> _Exercise description_
Nothing but the lines from the one containing "Polygon-Sonnenbrille mit schwarzem" through the one containing "(Foto) Beograd stoji", both included, should be given again, each exactly as written below.

> _Materials provided_
---*---
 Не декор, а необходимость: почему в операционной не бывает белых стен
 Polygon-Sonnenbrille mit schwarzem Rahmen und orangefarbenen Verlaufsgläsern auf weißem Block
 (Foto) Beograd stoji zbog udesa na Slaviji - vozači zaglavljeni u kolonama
---*---
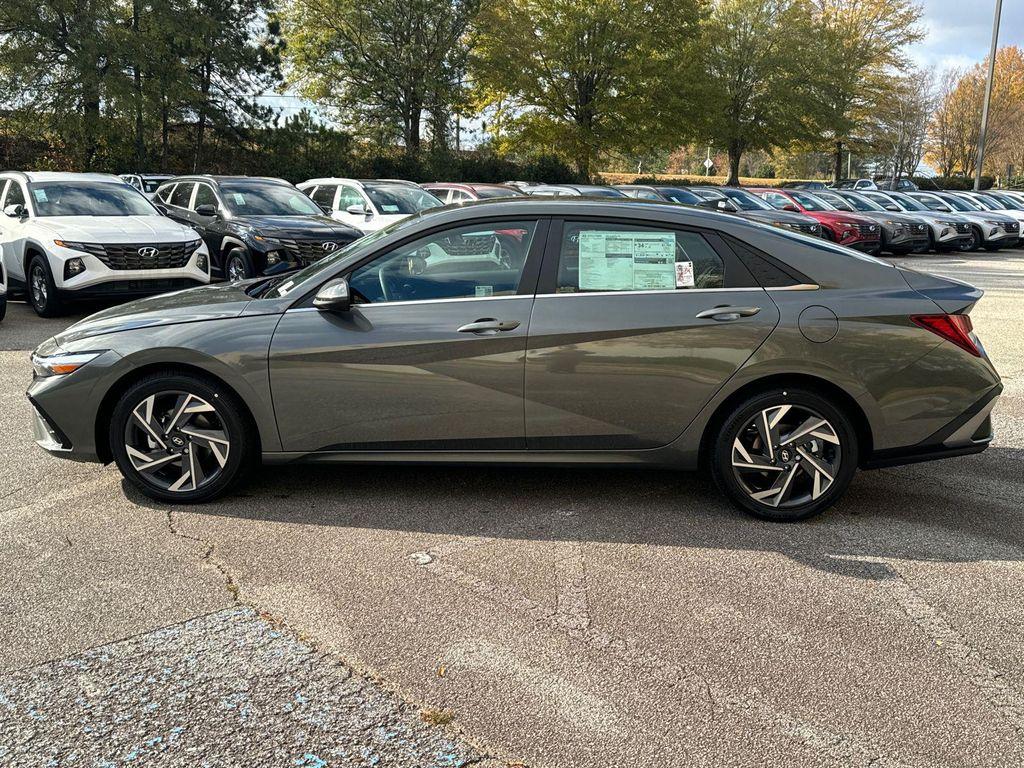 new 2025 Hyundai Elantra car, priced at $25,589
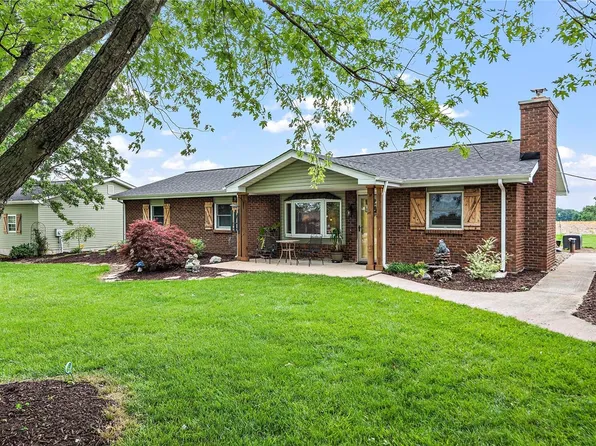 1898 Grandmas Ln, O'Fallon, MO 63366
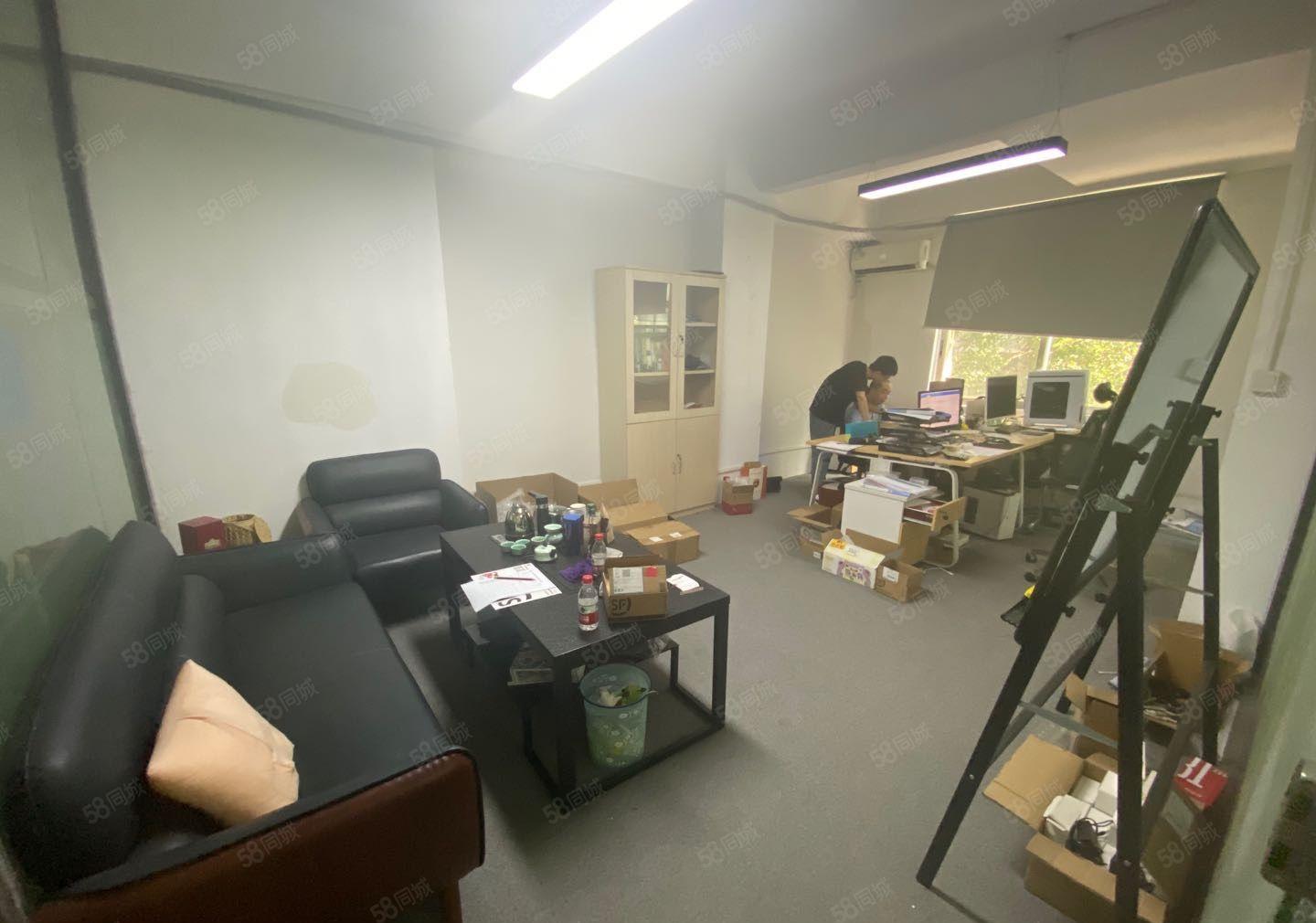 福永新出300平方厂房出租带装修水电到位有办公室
---*---
> _Response area_
 Polygon-Sonnenbrille mit schwarzem Rahmen und orangefarbenen Verlaufsgläsern auf weißem Block
 (Foto) Beograd stoji zbog udesa na Slaviji - vozači zaglavljeni u kolonama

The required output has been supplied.